Aerial view of Culver Crossings campus looking southeastGensler

In late 2021, Apple announced plans to redevelop a series of commercial buildings near Culver City Station with a nearly 550,000-square-foot office campus. The project, which would double the Cupertino-based tech giant's presence in the region in a single stroke, is slated for a site at the southeast corner of Venice and National Boulevards.

While an environmental report has previously pointed to a groundbreaking in 2023, the development is complicated by its location directly on the boundary between L.A. and Culver City, meaning that both jurisdictions will have to provide sign offs. The project has yet to go before the L.A. City Planning Commission for its approval.

While the City of L.A.'s permitting process may be arduous, if there's any company in the world with the resources and political heft to get it done quickly, it's Apple.

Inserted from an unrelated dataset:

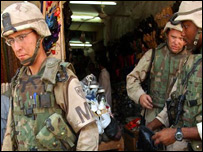 Soldados americanos fazem patrulha no Iraque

Oceanwide Plaza - trying to shake off the rust

Rendering looking northVisualhouse

Take this news well salted, but troubled developer Oceanwide Holdings began sending signals last year that construction may finally resume at the long-stalled Oceanwide Plaza complex in Downtown in 2023 - if money can be secured. Mostly finished, but stalled since 2019, the three-tower complex is slated to bring 504 condominiums, a 184-room Park Hyatt hotel, and approximately 150,000 square feet of retail space to the city block bounded by Figueroa, Flower, 11th, and 12th Streets.

Then, just a few weeks ago, the Chinese developer announced that it had entered into a non-binding letter of intent with an unnamed potential buyer for the property. Will this finally be the year that Oceanwide gets back on track? Or will the husk remain a husk for the foreseeable future?